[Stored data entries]
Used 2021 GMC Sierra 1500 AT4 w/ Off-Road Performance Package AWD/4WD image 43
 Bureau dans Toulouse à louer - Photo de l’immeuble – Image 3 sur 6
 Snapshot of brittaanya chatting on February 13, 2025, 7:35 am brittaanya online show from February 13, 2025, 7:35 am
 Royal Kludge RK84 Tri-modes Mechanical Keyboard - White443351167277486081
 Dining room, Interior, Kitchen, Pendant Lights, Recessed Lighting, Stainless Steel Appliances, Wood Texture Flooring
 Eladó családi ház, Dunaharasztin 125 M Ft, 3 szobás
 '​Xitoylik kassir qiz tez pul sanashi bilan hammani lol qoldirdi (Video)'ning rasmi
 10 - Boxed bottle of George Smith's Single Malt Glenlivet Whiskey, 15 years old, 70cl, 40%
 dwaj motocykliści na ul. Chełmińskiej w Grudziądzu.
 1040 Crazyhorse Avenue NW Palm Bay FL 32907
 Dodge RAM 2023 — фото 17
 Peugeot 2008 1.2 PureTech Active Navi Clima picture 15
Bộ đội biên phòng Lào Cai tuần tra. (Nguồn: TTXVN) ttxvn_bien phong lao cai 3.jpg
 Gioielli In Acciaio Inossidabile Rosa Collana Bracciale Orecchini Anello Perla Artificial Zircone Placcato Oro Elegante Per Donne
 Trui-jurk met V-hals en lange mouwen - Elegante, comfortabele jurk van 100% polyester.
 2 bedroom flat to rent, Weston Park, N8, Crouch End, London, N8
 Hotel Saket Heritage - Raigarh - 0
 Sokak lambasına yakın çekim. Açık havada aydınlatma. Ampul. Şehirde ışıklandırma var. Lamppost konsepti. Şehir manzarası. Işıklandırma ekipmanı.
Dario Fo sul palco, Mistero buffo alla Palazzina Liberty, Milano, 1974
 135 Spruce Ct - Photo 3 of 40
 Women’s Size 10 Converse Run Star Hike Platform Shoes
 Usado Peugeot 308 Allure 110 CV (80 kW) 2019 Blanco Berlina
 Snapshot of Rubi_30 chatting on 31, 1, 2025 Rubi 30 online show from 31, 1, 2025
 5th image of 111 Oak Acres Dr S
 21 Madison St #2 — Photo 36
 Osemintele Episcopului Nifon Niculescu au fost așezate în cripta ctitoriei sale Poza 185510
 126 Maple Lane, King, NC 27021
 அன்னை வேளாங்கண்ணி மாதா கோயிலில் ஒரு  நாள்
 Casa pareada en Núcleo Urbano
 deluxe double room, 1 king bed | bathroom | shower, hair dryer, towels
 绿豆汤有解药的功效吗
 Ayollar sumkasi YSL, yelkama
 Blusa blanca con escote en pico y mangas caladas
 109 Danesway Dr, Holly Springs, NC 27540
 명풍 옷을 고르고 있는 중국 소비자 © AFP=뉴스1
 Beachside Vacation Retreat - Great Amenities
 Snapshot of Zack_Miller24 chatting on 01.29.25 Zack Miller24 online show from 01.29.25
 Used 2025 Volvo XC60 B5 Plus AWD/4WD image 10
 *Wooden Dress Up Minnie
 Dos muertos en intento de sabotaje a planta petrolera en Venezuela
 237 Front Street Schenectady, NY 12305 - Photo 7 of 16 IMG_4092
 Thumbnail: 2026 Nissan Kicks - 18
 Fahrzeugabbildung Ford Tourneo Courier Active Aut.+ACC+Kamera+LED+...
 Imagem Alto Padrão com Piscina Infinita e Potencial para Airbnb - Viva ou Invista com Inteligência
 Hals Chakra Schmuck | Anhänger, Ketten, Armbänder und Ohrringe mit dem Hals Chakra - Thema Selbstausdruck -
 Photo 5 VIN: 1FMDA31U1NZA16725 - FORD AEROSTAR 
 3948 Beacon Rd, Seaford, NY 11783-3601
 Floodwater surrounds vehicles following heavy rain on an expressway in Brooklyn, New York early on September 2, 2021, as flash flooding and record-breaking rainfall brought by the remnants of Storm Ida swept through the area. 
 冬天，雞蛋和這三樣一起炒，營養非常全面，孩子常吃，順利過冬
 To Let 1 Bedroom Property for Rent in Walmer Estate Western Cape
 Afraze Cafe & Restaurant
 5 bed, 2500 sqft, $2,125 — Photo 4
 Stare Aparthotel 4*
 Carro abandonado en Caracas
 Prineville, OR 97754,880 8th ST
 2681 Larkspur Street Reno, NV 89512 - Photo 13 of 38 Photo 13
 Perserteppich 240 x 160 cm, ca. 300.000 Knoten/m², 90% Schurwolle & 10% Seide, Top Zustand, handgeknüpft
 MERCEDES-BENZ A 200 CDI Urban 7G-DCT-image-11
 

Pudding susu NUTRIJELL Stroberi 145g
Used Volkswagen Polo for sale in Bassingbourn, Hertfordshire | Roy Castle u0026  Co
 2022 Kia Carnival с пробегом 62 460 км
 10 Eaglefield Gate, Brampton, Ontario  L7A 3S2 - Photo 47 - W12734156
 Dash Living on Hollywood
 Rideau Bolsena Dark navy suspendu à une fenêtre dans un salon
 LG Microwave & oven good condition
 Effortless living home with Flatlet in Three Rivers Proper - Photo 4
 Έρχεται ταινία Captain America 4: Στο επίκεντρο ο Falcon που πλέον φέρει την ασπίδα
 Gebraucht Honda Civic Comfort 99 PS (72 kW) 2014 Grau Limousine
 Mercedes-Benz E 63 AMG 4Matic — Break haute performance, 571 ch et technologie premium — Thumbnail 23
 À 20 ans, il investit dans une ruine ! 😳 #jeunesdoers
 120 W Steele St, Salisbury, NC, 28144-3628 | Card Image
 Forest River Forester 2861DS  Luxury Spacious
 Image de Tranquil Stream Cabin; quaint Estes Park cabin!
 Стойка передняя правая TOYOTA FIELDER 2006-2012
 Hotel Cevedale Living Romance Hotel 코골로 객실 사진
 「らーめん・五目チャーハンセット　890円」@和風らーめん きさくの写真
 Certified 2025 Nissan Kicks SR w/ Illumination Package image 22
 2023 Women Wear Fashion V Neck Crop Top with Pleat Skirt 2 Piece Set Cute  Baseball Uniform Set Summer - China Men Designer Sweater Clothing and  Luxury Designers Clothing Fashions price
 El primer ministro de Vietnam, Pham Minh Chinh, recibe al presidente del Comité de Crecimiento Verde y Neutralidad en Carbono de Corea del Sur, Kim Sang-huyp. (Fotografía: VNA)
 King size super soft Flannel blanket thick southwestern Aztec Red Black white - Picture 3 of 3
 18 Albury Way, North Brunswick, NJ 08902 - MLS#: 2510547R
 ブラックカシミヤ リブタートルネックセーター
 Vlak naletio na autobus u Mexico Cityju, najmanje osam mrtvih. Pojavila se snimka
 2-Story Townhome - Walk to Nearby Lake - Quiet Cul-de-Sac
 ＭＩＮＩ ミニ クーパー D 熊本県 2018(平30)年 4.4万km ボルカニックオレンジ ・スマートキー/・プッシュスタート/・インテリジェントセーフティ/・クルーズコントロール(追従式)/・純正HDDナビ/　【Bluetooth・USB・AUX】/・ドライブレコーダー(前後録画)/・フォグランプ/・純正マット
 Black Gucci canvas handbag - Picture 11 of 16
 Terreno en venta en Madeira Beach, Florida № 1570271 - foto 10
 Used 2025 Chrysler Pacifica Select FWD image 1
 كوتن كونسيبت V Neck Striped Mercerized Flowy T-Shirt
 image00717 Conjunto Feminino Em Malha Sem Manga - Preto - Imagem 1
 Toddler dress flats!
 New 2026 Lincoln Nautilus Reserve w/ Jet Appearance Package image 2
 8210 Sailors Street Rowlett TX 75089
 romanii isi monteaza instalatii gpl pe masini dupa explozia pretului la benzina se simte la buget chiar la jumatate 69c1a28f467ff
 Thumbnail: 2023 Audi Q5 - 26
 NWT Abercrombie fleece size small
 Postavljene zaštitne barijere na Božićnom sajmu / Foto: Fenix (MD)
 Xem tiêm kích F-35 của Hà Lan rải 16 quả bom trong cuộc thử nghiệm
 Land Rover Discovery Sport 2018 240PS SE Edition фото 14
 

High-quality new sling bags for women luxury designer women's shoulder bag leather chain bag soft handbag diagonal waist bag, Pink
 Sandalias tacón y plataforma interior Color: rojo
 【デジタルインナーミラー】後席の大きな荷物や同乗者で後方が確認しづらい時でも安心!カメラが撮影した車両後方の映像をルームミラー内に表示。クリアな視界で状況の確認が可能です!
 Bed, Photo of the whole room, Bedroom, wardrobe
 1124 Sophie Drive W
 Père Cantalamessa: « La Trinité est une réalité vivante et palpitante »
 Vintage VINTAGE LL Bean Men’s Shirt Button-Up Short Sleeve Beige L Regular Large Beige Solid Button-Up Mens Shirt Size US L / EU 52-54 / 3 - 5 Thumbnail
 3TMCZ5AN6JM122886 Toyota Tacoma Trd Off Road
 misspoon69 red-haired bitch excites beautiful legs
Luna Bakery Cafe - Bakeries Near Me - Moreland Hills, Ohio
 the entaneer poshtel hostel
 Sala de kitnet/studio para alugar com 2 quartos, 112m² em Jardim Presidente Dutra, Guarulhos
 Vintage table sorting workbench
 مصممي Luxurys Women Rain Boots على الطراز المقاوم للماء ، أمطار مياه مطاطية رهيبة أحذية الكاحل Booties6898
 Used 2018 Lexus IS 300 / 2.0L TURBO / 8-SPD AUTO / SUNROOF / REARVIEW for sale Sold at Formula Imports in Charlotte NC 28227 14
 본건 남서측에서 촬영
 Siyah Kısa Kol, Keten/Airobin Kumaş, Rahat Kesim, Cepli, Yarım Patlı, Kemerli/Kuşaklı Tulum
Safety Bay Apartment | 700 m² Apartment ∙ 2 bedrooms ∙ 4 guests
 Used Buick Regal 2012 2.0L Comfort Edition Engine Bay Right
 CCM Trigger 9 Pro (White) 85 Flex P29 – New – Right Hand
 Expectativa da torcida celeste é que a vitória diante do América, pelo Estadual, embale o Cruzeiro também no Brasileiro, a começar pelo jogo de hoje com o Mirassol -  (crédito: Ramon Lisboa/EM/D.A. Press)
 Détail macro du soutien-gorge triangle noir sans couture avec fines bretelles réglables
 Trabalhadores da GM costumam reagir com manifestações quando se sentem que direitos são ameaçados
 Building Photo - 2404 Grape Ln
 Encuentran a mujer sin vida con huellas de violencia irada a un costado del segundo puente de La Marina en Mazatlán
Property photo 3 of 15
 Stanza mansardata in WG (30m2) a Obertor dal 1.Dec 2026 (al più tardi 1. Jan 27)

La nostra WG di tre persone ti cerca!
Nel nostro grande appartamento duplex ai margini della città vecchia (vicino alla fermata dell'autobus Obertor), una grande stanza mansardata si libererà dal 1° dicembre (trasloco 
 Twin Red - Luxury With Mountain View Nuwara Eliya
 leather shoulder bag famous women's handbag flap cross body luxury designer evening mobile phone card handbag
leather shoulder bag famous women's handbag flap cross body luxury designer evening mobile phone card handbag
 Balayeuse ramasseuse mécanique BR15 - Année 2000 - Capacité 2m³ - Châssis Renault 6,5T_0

■ **HOW TO COMPLETE THIS TASK**: Copy the lines of the data above exactly as written, beginning with the line containing "Casa pareada en Núcleo Urbano" and ending with the line containing "Beachside Vacation Retreat - Great Amenities", and leave out all other lines.

■ **RESPONSE TO THIS TASK**:
 Casa pareada en Núcleo Urbano
 deluxe double room, 1 king bed | bathroom | shower, hair dryer, towels
 绿豆汤有解药的功效吗
 Ayollar sumkasi YSL, yelkama
 Blusa blanca con escote en pico y mangas caladas
 109 Danesway Dr, Holly Springs, NC 27540
 명풍 옷을 고르고 있는 중국 소비자 © AFP=뉴스1
 Beachside Vacation Retreat - Great Amenities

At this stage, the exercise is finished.